## Task goal
This task calls for the lines below starting at the one containing "البراك: جادون بحل" and ending at the one containing "Carpinus bet. 'Lucas'", repeated exactly with both ends kept and pictures left out.

## Records for this task
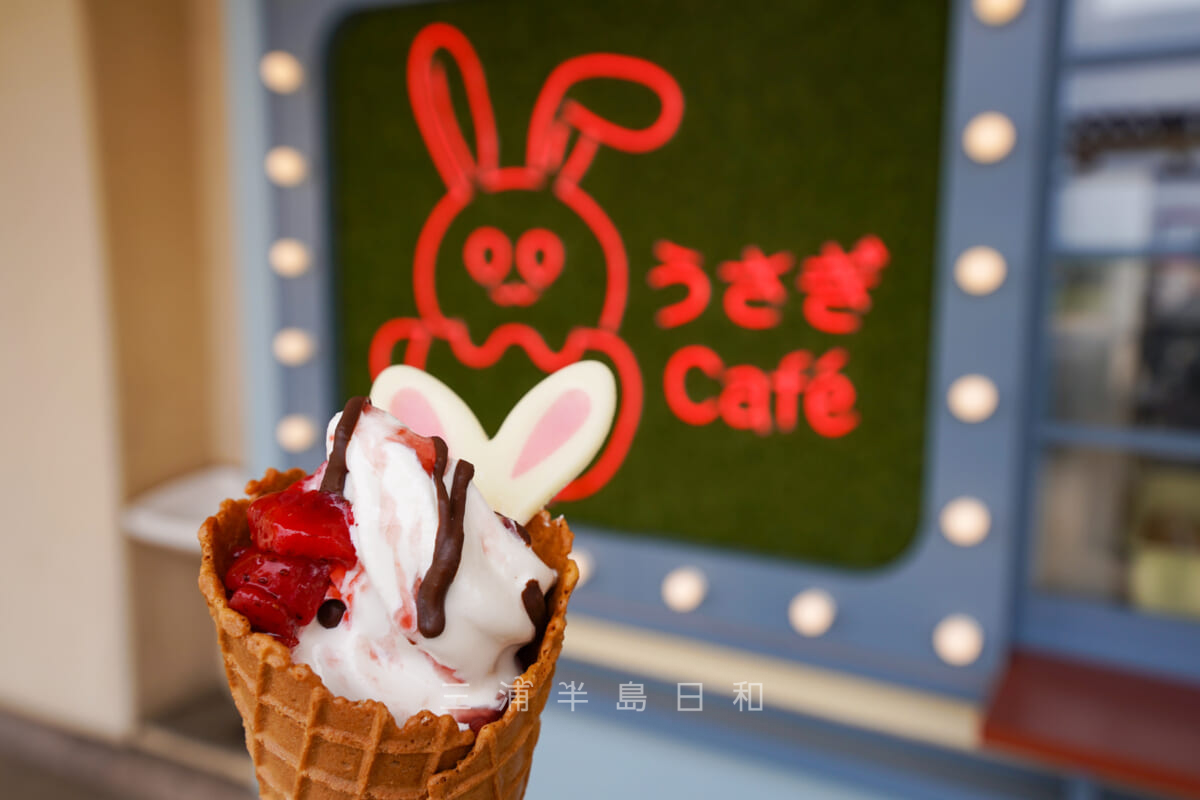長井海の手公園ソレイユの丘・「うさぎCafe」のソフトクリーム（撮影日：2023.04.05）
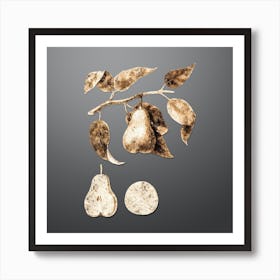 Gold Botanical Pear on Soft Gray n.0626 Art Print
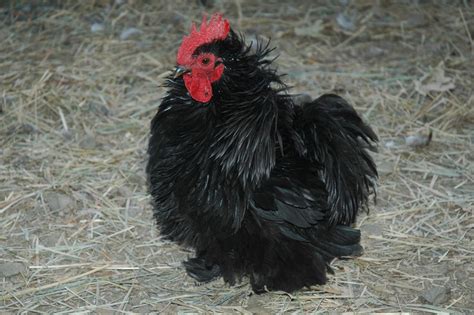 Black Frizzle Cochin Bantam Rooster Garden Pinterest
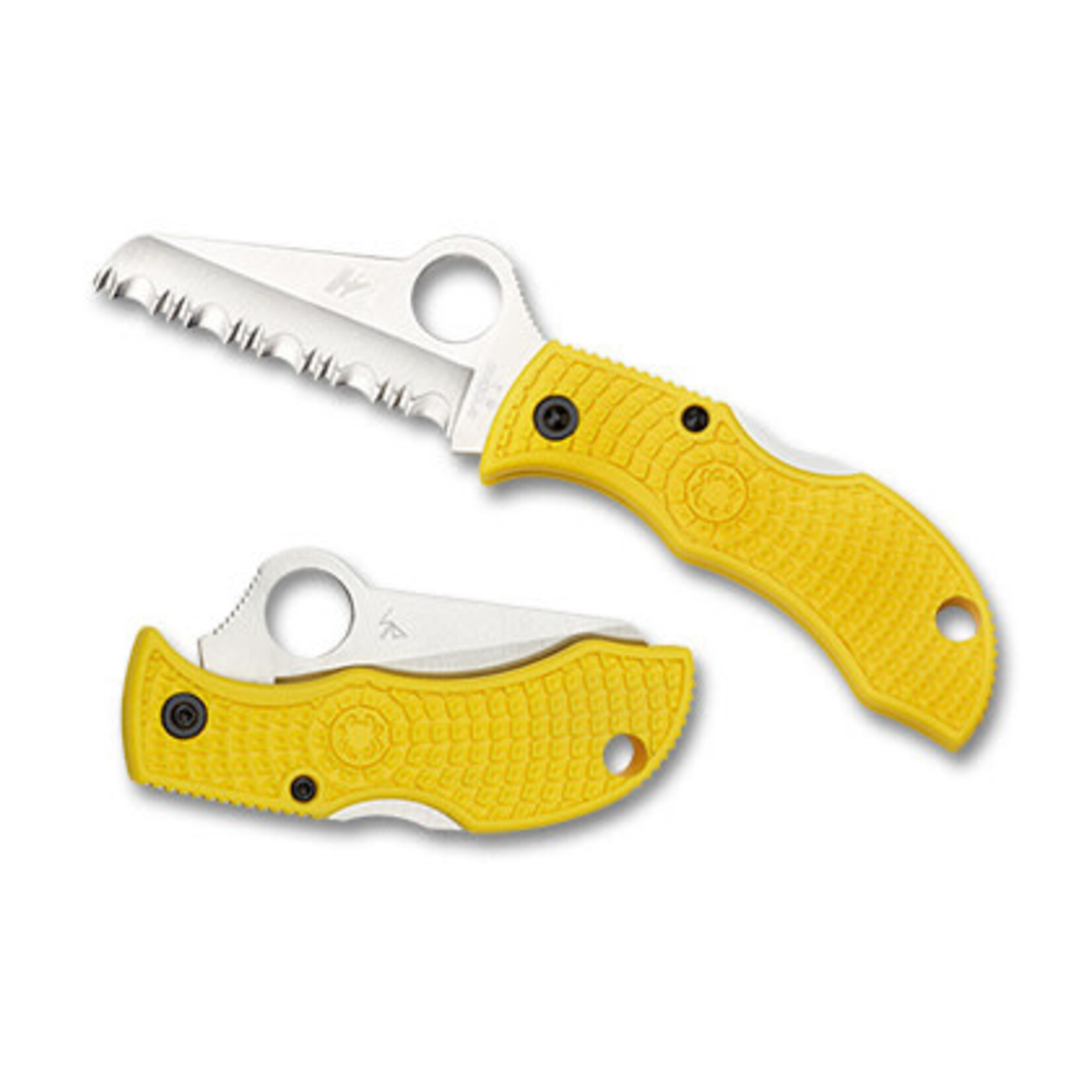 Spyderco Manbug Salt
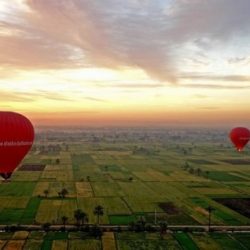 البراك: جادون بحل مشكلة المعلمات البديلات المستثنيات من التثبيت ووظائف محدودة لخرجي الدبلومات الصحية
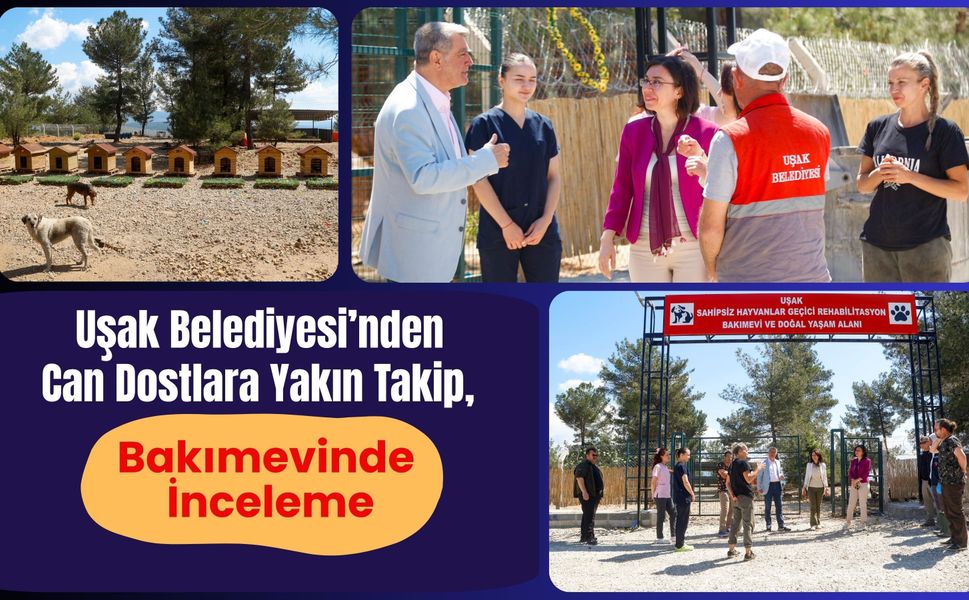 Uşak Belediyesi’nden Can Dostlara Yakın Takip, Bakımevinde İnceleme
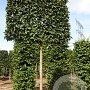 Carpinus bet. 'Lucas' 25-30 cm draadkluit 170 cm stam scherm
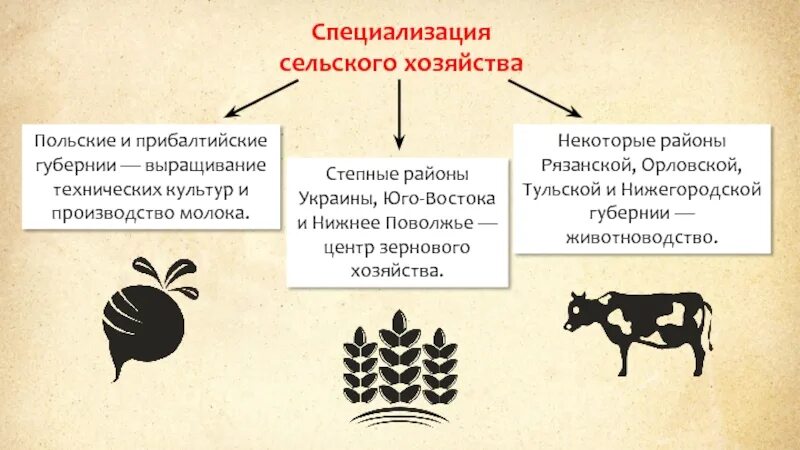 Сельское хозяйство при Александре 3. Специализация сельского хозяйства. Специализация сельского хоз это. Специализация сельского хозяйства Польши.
==
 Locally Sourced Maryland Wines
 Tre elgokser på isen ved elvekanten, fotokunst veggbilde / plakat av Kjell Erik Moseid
---
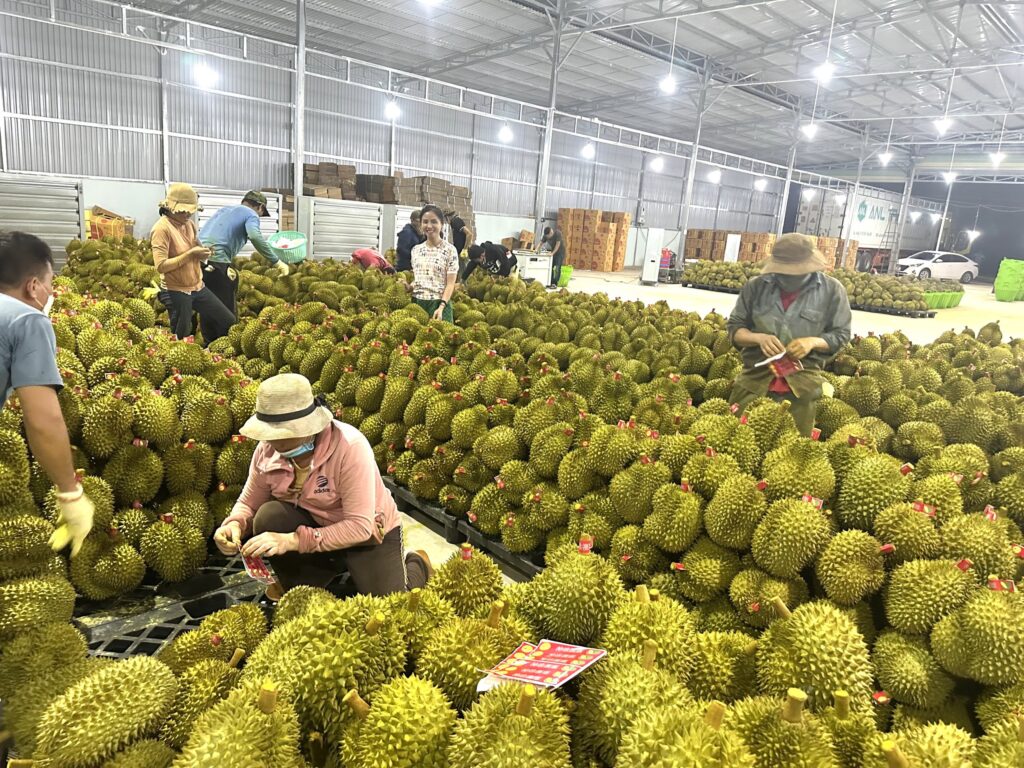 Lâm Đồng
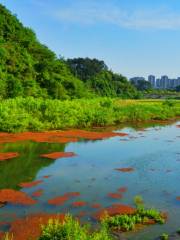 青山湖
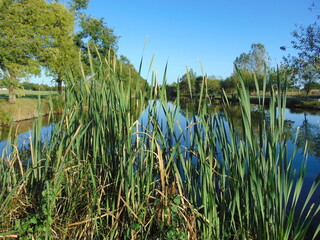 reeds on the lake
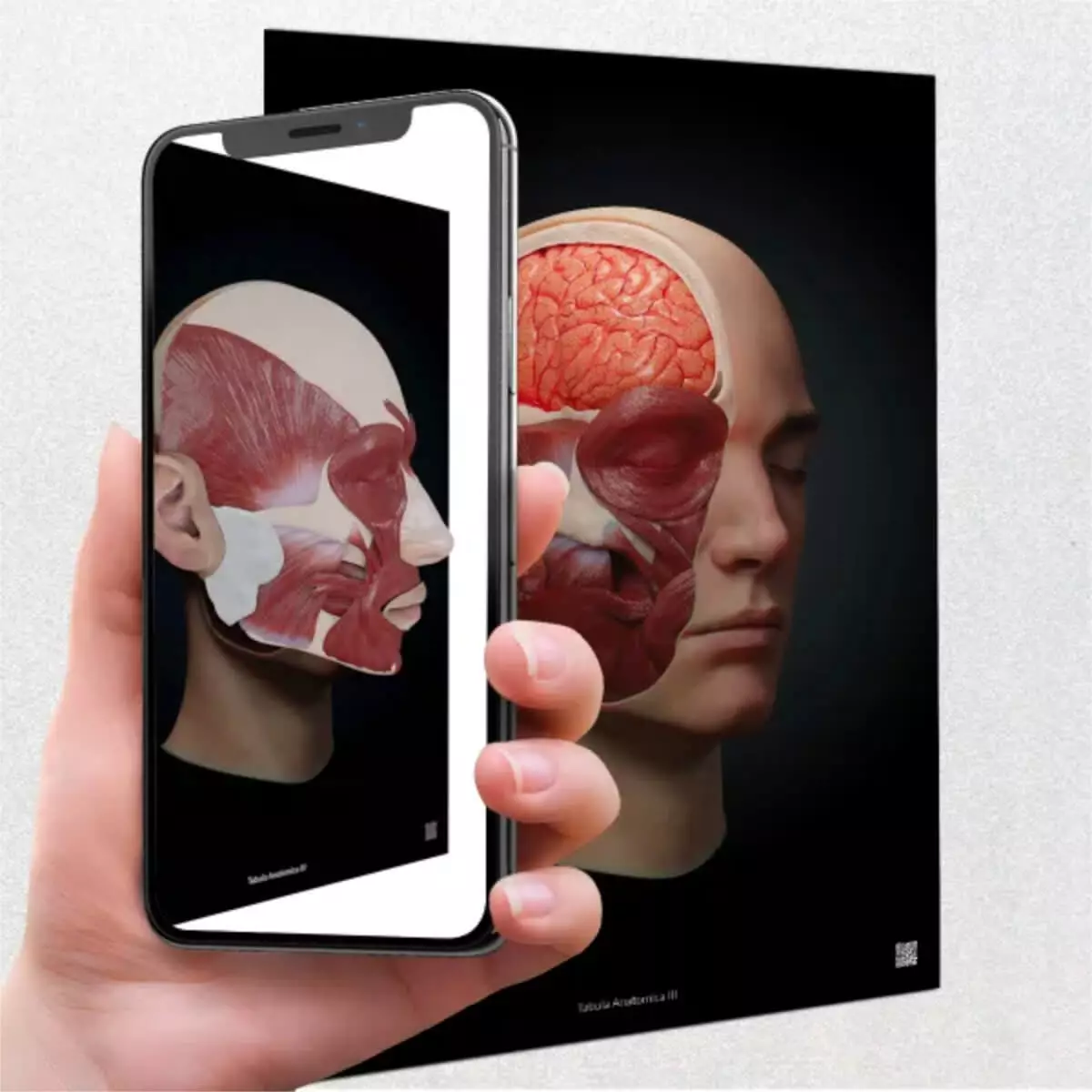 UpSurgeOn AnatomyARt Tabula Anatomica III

## Answer section
 البراك: جادون بحل مشكلة المعلمات البديلات المستثنيات من التثبيت ووظائف محدودة لخرجي الدبلومات الصحية
 Uşak Belediyesi’nden Can Dostlara Yakın Takip, Bakımevinde İnceleme
 Carpinus bet. 'Lucas' 25-30 cm draadkluit 170 cm stam scherm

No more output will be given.